Required work:
When the line with "Abies koreana 'Blue Standard' - Koreanische" turns up below, begin repeating exactly, and carry on through the line with "Crawl space flood"; no pictures go into the copy.

Records supplied:
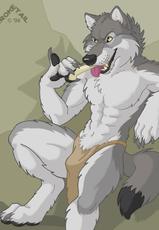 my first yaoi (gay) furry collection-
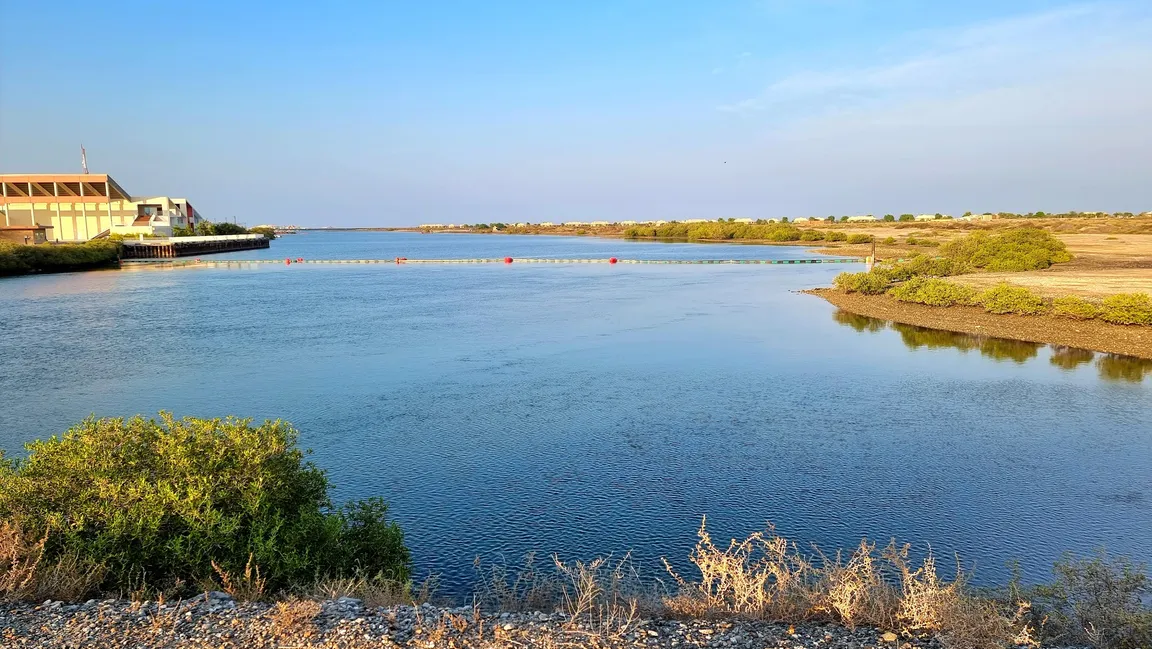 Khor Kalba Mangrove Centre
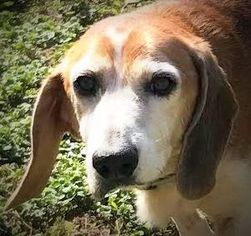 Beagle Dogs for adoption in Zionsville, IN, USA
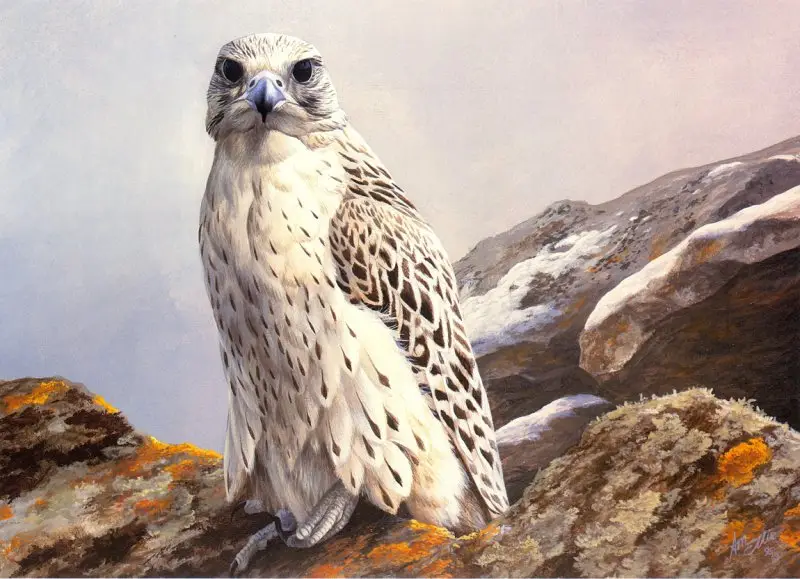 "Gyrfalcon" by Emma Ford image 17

...

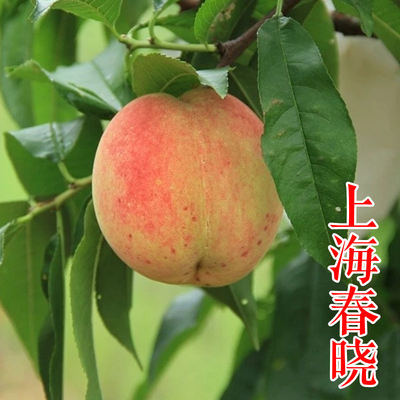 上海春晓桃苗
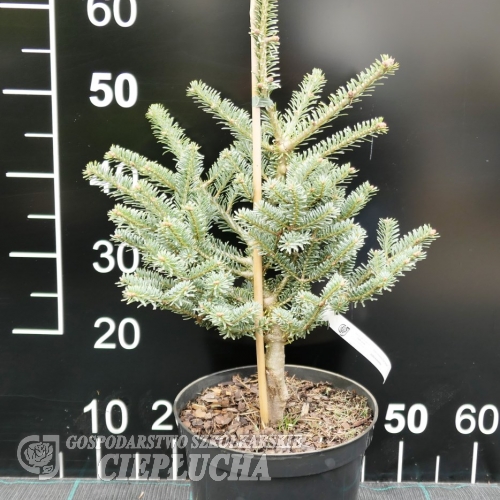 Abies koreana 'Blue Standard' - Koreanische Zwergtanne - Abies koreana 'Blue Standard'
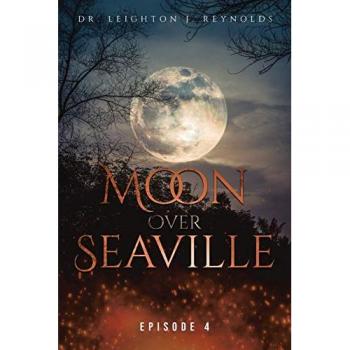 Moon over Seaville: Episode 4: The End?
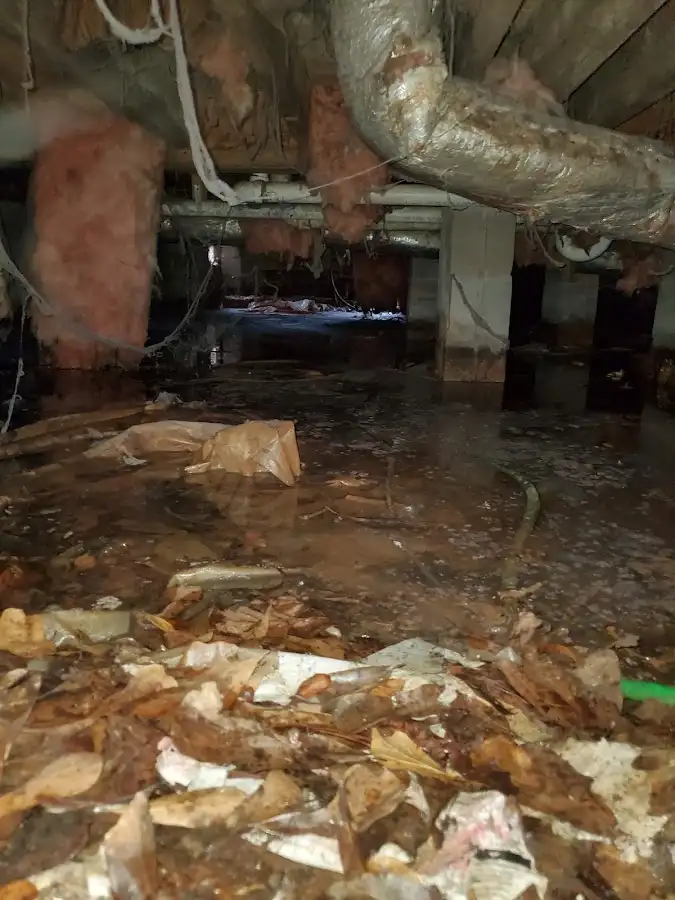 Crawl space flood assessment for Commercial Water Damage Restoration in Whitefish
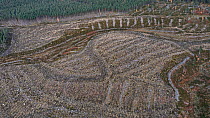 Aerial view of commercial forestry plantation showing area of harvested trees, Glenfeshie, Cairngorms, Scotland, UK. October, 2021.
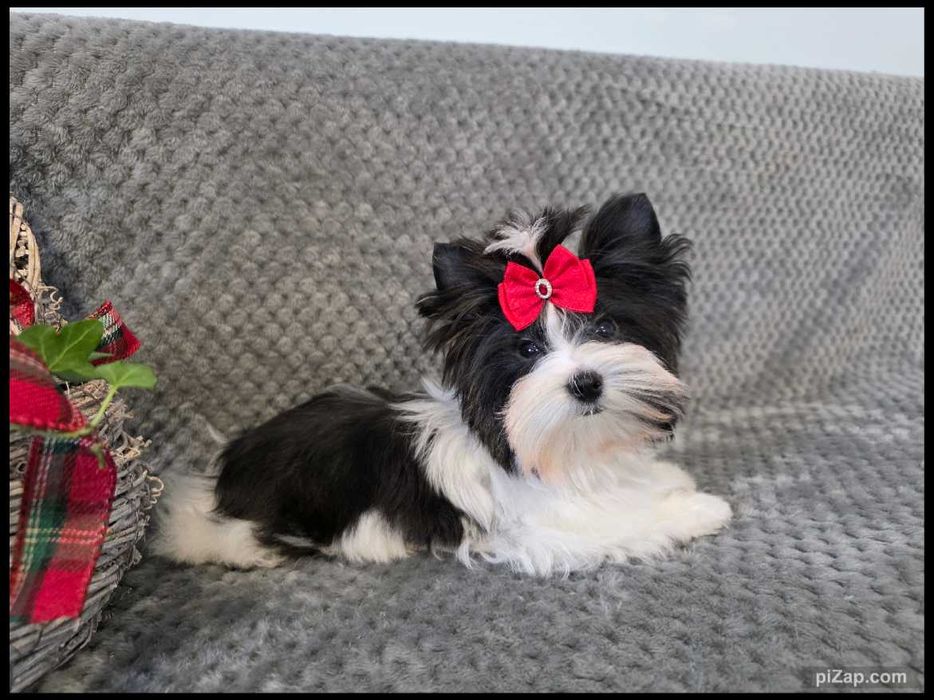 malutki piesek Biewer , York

* * *

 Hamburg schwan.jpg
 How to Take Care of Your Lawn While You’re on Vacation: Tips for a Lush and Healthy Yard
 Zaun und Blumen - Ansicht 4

Written response:
 Abies koreana 'Blue Standard' - Koreanische Zwergtanne - Abies koreana 'Blue Standard'
 Moon over Seaville: Episode 4: The End?
 Crawl space flood assessment for Commercial Water Damage Restoration in Whitefish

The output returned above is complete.